TASK — Set down, word for word, the line with "Πολυ οικογένεια σε" and the lines after it through the final line of the data below, without pictures.
AVAILABLE DATA below:
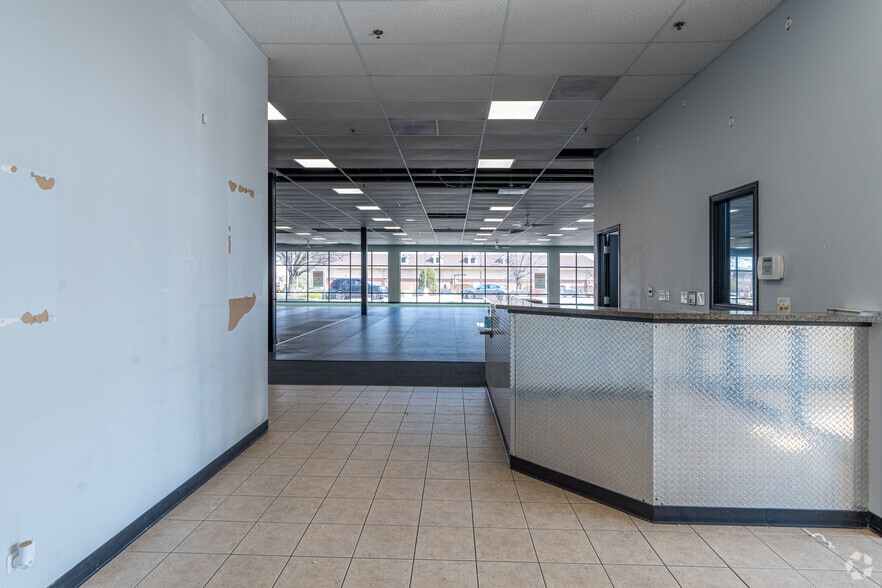 2351-2499 Lincoln Hwy, New Lenox, IL for lease - Interior Photo - Image 1 of 15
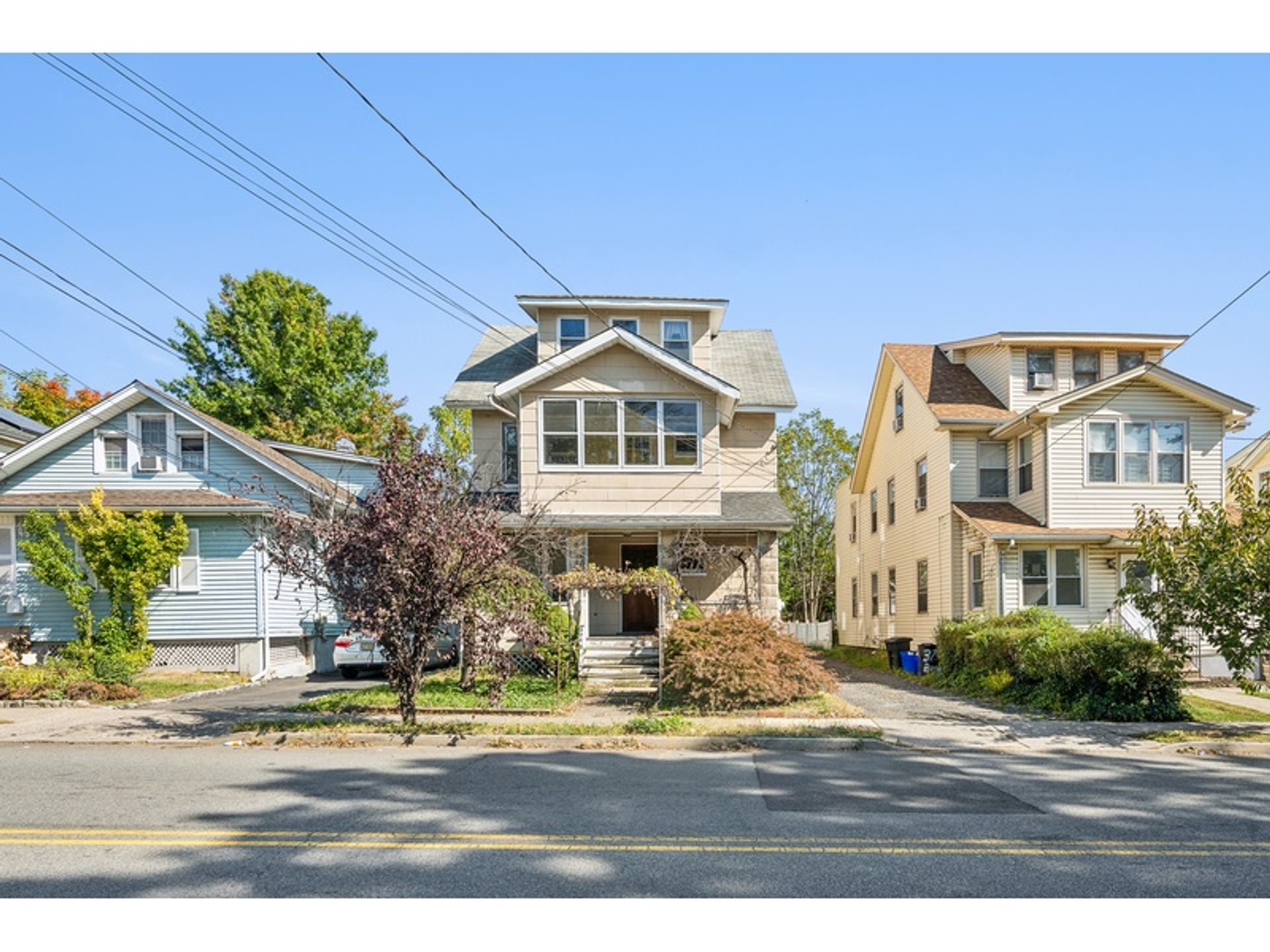 Πολυ οικογένεια σε Maplewood, New Jersey 12808803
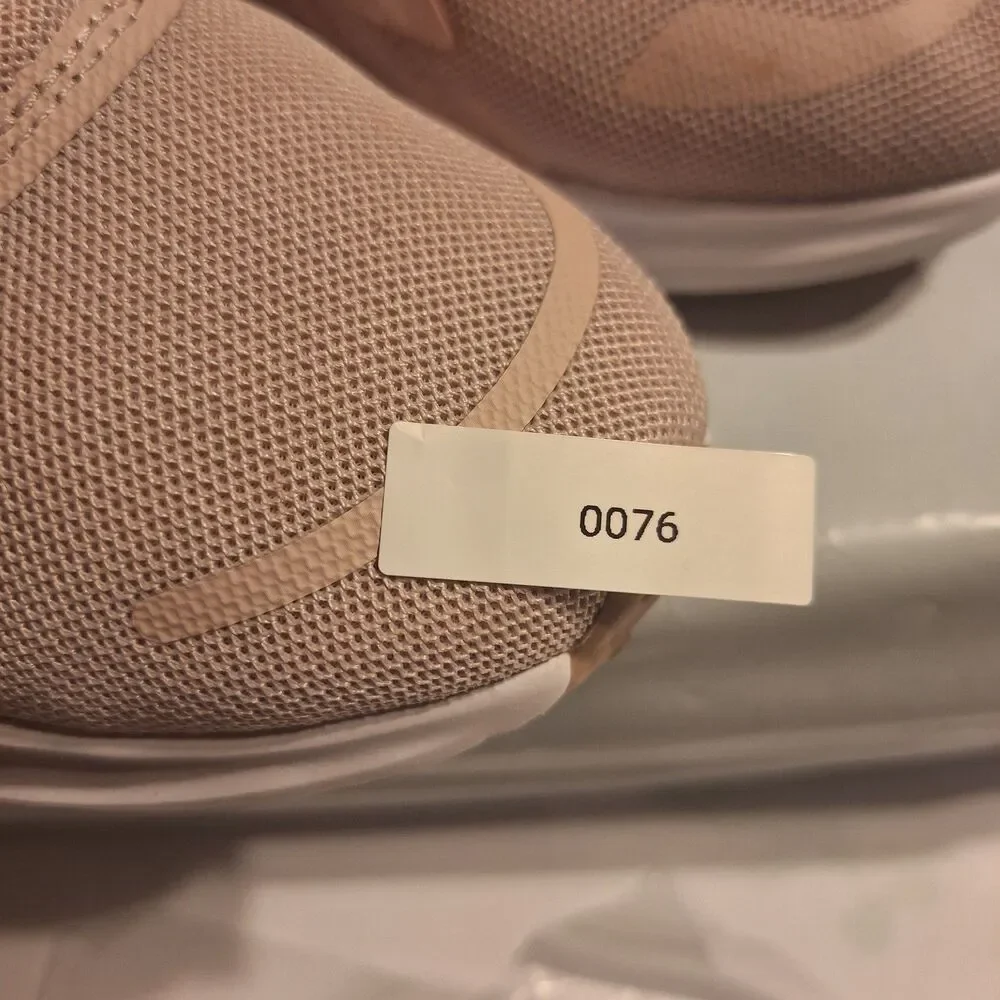 Nike Quest 5 Pink Women's Sneakers Shoes. Size 6.5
End of AVAILABLE DATA.
SOLUTION TO THE EXERCISE —
 Πολυ οικογένεια σε Maplewood, New Jersey 12808803
 Nike Quest 5 Pink Women's Sneakers Shoes. Size 6.5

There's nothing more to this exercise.